Unification News For March 1996


Development and Potential of New Hope Farms

by Dr. Tyler O. Hendricks-NYC

This is based on notes taken Dr. Hendricks during President Kim's report.

New Hope Farm is managed by its president, Mr. Yoon Sam Kim. President Kim and his wife both live at the farm. They were participants in the 1963 Blessing of 72 Couples, the second Blessing ceremony in history. Over the years President Kim has managed and developed several church properties, including Chung Pyung Lake in Korea, a property on Cheju Island, and, most recently, the New Hope Farm project in Texas. After two years in Texas, he came to Brazil at the end of last March.
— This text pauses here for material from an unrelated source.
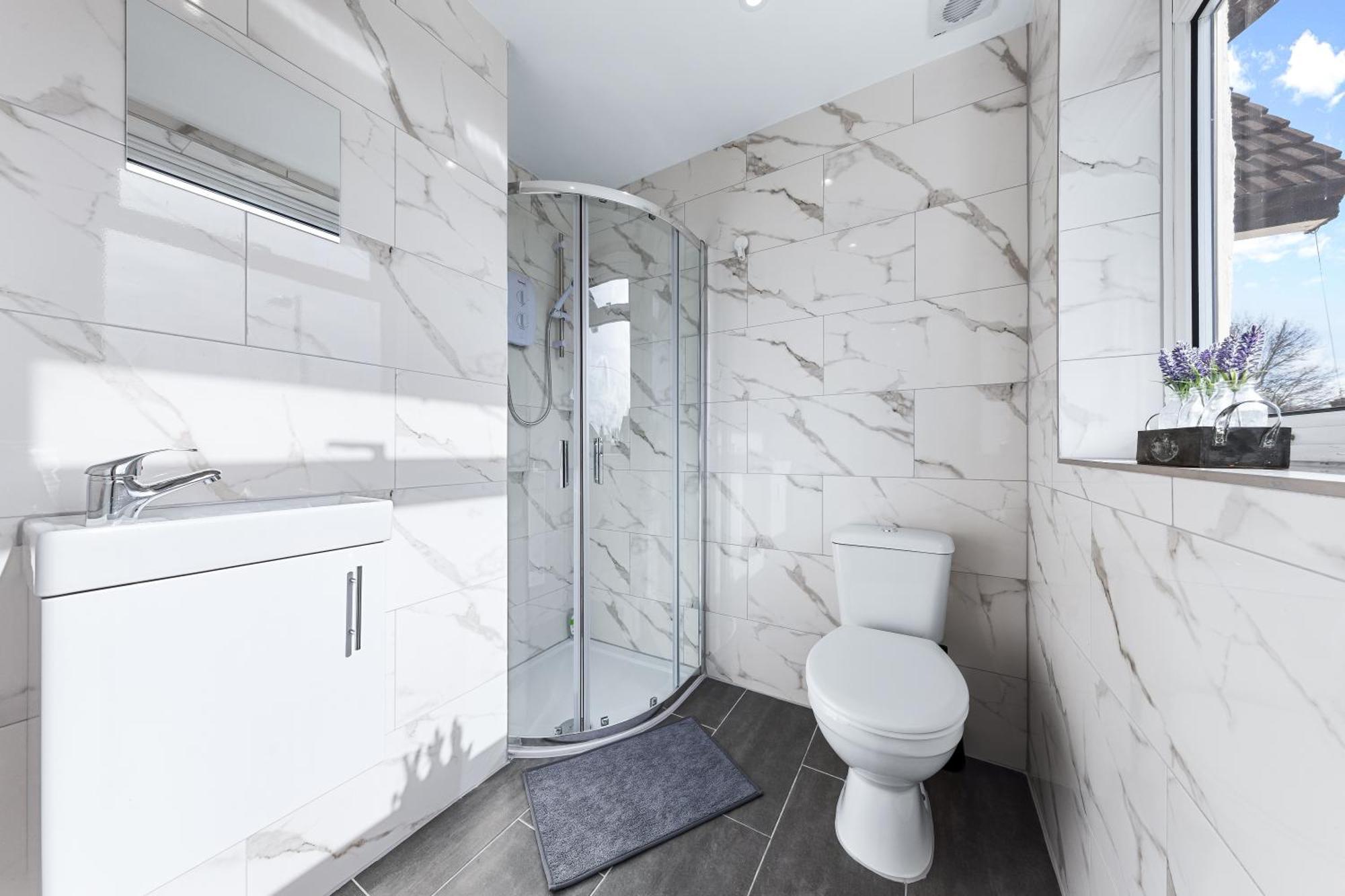 Serviced Ensuite Modern Studio - Sleeps 2 - Near Wembley Stadium - Good Transport Link To Central London - Harrow Ha3 Hatch End ภายนอก รูปภาพ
At present the NHF project comprises 275 hectares (approximately 700 acres), a parcel of land bounded on two sides by rivers. In a report to the Korean and Japanese leadership, President Kim explained that the major drawback of this land is that it is too wet. Also the sun is very strong. Therefore, most vegetables grow so fast that they become hardened and unpalatable. However, they are experimenting with different crops. Thus far they have found that Korean sweet potatoes do well here, as does barley. Indeed we had sweet potatoes for a couple of meals and they were delicious. Another experiment which is succeeding is making juice and jam from the fruit of the ciguela tree, of which there are several within fifty yards of the house The fruit is plentiful and falls to the ground. It grows year-round. The juice is squeezed from the fruit and mixed about half and half with water. It has an appealing tang, and the members here love it.

Then there are the two parrots, the friendliest birds I've ever seen, who talk and walk on your shoulders and do everything parrots are supposed to do. They live in the two orange trees at the front of the house. The other species of birds, while not as charming are far more numerous: chickens, turkeys and ducks. The dining area sported a baby duck policing the insects. The male chickens devoted themselves with utmost seriousness to the maintenance of the pecking order. I, unfamiliar with farm life, had never before appreciated that term, "pecking order," nor how petty it appears, nor how important it is.

President Kim reported that the temperature can range from 40 degrees (C) to 5 degrees (C) in a very short space of time, so sometimes they are hard-pressed to adjust. As I write it is a pleasant 72 F (26 C) at about 7:30 a.m. under a slightly overcast sky. But the two days previous were deathly hot, with intermittent rain in the afternoons.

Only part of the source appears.